Here I've marked the star location at $(2, 2)$. It might really be at $(2.25, 2)$, but it's such a tiny feature it gets summed up in the pixel ranging from $1.5 < x < 2.5$ and $1.5 < y < 2.5$.

What if we translate the image 0.5 pixels right, using our interpolator from above?

If your model for the "star" in pixel $(2, 2)$ is that it's illuminating one pixel-sized square uniformly from its center, shifting the square by half a pixel puts the star on the border between pixels at $(2.5, 2)$, so it is quite reasonable to put half the light in the adjacent pixel. On the other hand, if your star is really at $(2.25, 2.25)$, the star shifts to $(2.75, 2.25)$ so more than half of the light should be there.
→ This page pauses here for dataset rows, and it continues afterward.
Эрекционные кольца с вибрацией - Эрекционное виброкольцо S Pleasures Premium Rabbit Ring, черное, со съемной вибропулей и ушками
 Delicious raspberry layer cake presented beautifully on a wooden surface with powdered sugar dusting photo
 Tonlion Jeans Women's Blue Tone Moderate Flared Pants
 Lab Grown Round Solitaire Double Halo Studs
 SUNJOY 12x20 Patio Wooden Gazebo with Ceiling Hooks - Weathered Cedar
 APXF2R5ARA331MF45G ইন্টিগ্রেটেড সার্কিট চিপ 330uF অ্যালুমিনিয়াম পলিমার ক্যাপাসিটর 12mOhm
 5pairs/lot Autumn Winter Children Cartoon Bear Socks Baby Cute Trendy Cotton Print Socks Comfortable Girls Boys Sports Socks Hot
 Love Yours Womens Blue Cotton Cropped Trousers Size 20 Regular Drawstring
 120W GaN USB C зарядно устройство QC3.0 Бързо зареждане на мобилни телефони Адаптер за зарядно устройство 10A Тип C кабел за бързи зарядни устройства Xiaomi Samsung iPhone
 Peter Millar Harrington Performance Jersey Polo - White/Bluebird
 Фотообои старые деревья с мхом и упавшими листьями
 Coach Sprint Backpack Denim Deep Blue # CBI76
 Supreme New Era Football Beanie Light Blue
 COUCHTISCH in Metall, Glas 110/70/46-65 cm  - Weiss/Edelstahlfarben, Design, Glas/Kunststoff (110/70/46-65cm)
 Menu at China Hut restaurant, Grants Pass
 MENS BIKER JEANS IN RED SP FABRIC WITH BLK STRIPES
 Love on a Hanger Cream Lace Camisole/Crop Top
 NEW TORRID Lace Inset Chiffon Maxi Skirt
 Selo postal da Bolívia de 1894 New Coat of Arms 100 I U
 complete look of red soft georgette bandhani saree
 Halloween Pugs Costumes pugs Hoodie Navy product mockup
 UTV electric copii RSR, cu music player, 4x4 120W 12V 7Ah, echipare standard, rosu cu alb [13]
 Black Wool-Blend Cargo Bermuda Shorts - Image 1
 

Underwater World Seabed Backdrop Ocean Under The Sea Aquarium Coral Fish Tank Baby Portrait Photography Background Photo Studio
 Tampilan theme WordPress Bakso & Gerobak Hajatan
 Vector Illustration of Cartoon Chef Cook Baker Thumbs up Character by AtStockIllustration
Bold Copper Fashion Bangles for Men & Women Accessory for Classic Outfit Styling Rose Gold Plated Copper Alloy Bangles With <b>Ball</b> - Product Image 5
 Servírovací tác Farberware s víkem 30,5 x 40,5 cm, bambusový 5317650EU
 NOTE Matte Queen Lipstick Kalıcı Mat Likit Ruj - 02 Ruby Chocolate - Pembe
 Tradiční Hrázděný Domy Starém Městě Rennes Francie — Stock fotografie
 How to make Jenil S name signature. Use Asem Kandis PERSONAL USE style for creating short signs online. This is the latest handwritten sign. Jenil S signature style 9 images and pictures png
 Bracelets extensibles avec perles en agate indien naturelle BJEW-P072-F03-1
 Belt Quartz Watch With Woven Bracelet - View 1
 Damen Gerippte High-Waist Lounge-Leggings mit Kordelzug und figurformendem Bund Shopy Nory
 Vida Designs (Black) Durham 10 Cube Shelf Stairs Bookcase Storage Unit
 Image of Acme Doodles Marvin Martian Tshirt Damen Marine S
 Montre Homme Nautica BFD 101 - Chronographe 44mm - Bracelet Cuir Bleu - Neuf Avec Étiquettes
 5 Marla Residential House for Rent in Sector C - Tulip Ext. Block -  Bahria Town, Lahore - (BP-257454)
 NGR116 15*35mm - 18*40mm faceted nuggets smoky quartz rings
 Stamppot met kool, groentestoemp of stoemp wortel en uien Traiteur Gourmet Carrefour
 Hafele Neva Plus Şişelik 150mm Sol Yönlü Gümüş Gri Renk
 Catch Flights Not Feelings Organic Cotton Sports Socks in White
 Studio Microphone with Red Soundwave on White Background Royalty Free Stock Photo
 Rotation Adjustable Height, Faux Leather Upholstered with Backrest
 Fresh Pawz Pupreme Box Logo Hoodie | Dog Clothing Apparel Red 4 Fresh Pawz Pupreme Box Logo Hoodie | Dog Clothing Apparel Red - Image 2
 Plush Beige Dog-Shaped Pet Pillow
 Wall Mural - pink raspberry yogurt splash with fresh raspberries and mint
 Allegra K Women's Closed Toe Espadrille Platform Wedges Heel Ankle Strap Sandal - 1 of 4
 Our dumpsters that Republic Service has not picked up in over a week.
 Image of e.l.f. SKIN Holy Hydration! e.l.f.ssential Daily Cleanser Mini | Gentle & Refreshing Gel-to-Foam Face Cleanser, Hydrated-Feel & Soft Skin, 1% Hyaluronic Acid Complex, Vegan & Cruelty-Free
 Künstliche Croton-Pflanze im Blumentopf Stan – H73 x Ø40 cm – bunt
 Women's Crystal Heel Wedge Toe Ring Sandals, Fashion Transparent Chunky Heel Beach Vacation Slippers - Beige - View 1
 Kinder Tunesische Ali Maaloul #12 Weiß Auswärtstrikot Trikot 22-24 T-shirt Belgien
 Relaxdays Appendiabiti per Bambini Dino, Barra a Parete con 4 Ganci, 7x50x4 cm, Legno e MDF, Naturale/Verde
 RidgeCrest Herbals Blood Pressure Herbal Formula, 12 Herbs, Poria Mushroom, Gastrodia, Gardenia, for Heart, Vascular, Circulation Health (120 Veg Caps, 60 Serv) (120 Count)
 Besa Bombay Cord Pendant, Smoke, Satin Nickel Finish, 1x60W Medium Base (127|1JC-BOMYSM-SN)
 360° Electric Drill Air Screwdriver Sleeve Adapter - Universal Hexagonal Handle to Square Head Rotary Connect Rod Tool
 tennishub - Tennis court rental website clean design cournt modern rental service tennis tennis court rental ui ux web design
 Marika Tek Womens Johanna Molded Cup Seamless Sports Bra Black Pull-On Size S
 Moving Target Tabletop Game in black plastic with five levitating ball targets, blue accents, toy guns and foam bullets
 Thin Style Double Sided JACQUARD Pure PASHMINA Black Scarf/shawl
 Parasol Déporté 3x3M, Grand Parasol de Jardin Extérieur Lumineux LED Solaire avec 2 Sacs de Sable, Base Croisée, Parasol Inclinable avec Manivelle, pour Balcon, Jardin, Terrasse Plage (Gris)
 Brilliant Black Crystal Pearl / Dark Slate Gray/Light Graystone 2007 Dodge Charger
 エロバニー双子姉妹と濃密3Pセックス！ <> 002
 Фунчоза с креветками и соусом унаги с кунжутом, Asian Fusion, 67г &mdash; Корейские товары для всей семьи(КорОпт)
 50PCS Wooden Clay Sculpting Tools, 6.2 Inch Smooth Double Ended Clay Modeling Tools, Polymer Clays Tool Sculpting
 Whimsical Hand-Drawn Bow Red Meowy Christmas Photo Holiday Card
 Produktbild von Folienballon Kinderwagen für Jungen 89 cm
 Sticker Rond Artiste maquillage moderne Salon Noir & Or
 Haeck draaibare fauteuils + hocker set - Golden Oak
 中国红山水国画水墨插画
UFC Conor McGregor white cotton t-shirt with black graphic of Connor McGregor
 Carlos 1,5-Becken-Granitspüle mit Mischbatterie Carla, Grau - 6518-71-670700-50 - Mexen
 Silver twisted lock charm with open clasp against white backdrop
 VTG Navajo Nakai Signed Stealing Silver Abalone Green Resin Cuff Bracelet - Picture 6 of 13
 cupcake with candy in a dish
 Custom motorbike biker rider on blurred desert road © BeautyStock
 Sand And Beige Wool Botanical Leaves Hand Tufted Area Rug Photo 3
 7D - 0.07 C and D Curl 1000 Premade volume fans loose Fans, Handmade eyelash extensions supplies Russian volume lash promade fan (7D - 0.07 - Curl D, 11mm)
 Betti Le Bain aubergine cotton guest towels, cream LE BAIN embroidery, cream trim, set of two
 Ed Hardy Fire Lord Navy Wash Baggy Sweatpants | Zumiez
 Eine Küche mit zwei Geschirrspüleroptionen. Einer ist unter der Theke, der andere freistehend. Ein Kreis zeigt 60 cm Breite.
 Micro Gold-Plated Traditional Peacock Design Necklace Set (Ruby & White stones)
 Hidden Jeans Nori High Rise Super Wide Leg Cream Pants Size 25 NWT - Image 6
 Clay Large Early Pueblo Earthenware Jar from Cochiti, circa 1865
Given this transformed image, you would also be unable to tell if it is one star of brightness 1.0 on a pixel boundary, or two stars of brightness 0.5 that happen to be next to each other.

In an undersampled image, there's no way to know. In other words, there is no way to rotate or translate the undersampled image without introducing potentially major changes in it.

Though it's not an isolated point like a star, the hard edge of the "F" pattern is an example of one of these undersampled features.

Oversampled scene¶

The most extreme case for an undersampled scene is a single pixel, but what model should we use for an oversampled scene? You won't go far wrong with a 2D Gaussian; even extreme adaptive optics PSFs are nearly Gaussian in their core.

Let's construct a 16 x 16 pixel scene with a Gaussian at the center. To compare with the interpolated image we will also generate one where the Gaussian has been displaced by dx = 2.5 pixels. Here we're generating two "truth" images based on the true analytical expression for $f(x, y)$ (implemented as gauss2d).

Now we attempt to perform the translation by interpolation, using the "before" image.

That is close enough to the "truth" image that it's probably easier to make sense of a plot showing their difference.

Here you can see that the bicubic interpolation is not perfect. It is not possible in general to perfectly describe a Gaussian curve with a 3rd order polynomial, so you can see deviations where the cubic approximation is insufficient.

The right way to interpolate¶

Hopefully, the above has demonstrated that there is no one "right way" to resample images. Every method comes with trade-offs in speed and accuracy, and there are good ones I didn't cover (because this post is long enough). For a true band-limited signal, for example, using a zero-padded Fourier transform upsamples without loss of information (except for floating-point roundoff error). In practice, features like hot pixels and cosmic rays will always be "undersampled", and masking bad pixels will introduce ringing at the mask edges, so I don't use that method very often. Maybe I'll write that one up later.

The implementations above are intended to illuminate the way the algorithm works, but are not optimized for speed. Using someone else's optimized implementation is preferable if you don't have the time to build your own, but you should be sure to understand the accuracy and tradeoffs made by the implementation you use. For examples of the possible pitfalls, see the Bicubic bake-off post.